Reproduce precisely the lines between the start of the data below and the line with "A modern room", both included.
Start of SUPPLIED ENTRIES
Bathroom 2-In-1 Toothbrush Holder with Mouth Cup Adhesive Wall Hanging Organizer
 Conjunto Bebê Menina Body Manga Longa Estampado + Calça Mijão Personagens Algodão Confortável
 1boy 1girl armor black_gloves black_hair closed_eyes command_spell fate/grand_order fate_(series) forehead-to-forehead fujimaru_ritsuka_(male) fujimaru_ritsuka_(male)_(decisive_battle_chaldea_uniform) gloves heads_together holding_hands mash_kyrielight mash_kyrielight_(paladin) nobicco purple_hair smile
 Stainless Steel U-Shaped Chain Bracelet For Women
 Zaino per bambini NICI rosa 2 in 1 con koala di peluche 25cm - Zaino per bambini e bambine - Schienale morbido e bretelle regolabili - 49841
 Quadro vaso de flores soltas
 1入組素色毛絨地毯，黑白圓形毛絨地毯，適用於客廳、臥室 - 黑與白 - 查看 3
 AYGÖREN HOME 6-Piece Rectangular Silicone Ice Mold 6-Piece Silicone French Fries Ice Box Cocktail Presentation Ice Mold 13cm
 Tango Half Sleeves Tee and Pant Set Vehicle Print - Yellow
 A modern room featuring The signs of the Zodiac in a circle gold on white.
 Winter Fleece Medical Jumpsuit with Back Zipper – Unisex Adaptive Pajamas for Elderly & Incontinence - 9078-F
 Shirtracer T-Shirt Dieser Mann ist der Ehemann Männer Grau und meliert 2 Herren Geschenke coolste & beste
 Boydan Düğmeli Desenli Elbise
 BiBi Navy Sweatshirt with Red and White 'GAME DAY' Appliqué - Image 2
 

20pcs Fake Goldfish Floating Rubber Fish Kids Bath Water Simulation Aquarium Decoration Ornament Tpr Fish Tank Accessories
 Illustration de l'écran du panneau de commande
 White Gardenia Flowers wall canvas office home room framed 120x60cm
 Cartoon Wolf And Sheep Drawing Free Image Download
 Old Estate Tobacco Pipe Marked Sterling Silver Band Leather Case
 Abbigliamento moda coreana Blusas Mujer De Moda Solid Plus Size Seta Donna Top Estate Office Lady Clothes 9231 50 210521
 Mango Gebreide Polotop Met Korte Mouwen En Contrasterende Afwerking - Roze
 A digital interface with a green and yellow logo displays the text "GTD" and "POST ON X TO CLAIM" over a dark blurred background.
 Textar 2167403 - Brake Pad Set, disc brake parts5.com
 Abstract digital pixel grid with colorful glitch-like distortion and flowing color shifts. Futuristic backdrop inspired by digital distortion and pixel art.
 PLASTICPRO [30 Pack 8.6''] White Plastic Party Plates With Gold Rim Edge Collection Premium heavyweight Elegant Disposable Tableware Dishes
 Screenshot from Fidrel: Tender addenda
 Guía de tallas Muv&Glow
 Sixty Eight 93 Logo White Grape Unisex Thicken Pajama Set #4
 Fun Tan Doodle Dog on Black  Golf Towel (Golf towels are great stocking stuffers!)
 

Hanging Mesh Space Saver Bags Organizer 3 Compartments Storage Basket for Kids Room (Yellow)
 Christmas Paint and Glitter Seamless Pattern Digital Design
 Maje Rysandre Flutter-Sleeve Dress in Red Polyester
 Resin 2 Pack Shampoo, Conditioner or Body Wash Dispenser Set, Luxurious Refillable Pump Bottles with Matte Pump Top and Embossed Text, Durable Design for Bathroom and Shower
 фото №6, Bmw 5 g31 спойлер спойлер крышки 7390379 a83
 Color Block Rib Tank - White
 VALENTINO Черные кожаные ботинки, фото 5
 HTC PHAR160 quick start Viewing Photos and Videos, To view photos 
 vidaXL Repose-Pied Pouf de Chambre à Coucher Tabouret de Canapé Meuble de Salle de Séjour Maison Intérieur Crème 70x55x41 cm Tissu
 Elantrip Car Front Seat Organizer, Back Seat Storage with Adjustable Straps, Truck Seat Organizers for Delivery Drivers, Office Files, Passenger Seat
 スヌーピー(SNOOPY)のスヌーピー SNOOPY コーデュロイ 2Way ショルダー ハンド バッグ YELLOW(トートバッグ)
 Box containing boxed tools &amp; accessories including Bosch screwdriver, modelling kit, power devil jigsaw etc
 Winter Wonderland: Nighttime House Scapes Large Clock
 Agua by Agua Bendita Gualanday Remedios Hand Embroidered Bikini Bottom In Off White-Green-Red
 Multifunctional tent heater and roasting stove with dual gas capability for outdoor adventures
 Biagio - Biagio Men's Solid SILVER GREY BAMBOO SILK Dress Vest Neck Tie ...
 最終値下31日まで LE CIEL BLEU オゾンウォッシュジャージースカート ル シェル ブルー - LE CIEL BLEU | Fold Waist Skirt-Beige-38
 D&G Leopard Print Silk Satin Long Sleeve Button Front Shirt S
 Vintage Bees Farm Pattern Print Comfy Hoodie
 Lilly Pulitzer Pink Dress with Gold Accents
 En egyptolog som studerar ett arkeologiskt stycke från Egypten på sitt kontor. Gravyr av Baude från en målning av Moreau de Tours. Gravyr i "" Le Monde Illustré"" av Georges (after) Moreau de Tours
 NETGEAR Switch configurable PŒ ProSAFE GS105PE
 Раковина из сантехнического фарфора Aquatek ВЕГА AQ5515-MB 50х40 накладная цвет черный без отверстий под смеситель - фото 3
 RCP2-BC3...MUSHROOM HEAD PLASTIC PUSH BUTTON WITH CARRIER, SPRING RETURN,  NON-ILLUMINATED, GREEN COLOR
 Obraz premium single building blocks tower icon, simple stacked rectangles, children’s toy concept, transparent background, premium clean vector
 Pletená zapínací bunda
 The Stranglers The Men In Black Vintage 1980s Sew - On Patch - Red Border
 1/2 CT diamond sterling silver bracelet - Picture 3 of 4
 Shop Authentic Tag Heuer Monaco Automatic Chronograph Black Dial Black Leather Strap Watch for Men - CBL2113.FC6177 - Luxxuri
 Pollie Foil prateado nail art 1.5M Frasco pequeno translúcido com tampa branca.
End of SUPPLIED ENTRIES
TASK RESPONSE –
Bathroom 2-In-1 Toothbrush Holder with Mouth Cup Adhesive Wall Hanging Organizer
 Conjunto Bebê Menina Body Manga Longa Estampado + Calça Mijão Personagens Algodão Confortável
 1boy 1girl armor black_gloves black_hair closed_eyes command_spell fate/grand_order fate_(series) forehead-to-forehead fujimaru_ritsuka_(male) fujimaru_ritsuka_(male)_(decisive_battle_chaldea_uniform) gloves heads_together holding_hands mash_kyrielight mash_kyrielight_(paladin) nobicco purple_hair smile
 Stainless Steel U-Shaped Chain Bracelet For Women
 Zaino per bambini NICI rosa 2 in 1 con koala di peluche 25cm - Zaino per bambini e bambine - Schienale morbido e bretelle regolabili - 49841
 Quadro vaso de flores soltas
 1入組素色毛絨地毯，黑白圓形毛絨地毯，適用於客廳、臥室 - 黑與白 - 查看 3
 AYGÖREN HOME 6-Piece Rectangular Silicone Ice Mold 6-Piece Silicone French Fries Ice Box Cocktail Presentation Ice Mold 13cm
 Tango Half Sleeves Tee and Pant Set Vehicle Print - Yellow
 A modern room featuring The signs of the Zodiac in a circle gold on white.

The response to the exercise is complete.